**** DATA UNDER STUDY

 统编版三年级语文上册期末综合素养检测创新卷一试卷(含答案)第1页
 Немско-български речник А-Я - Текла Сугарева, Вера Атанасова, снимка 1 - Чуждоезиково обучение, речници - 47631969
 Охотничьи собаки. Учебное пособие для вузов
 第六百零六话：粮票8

********
**** DATA UNDER STUDY

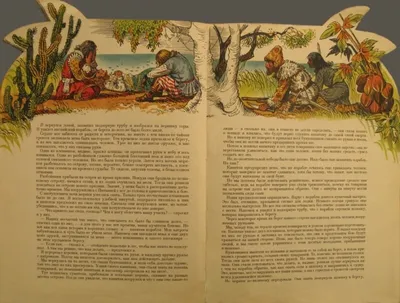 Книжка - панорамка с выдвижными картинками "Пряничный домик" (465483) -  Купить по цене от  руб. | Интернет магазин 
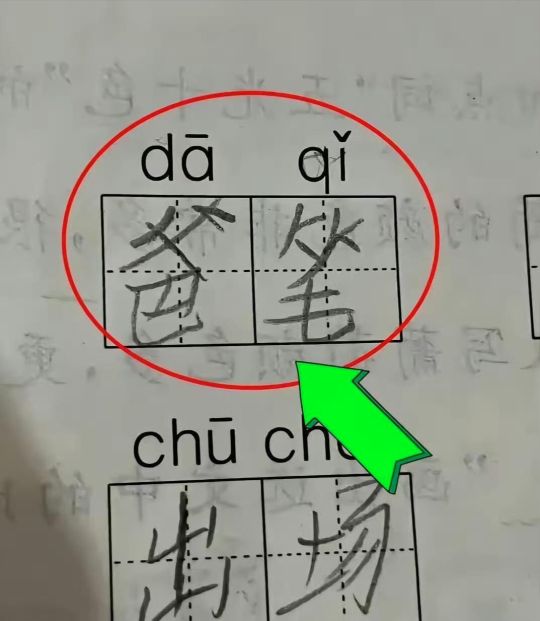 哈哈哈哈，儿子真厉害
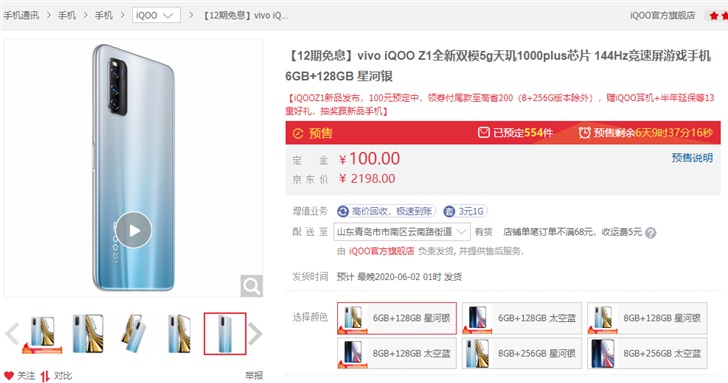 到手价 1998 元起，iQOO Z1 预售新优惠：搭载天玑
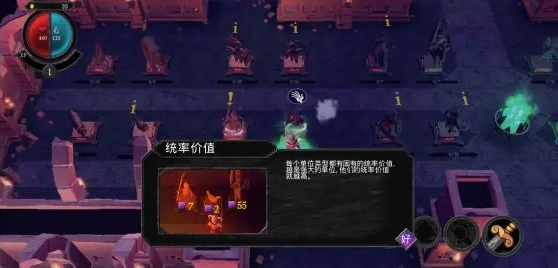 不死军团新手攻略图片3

********

WHAT IS BEING ASKED |
The output is the stretch above from the line with "Книжка - панорамка" through the line with "不死军团新手攻略图片3", copied word for word with both ends kept and every picture dropped.

TASK RESPONSE |
 Книжка - панорамка с выдвижными картинками "Пряничный домик" (465483) -  Купить по цене от  руб. | Интернет магазин 
 哈哈哈哈，儿子真厉害
 到手价 1998 元起，iQOO Z1 预售新优惠：搭载天玑
 不死军团新手攻略图片3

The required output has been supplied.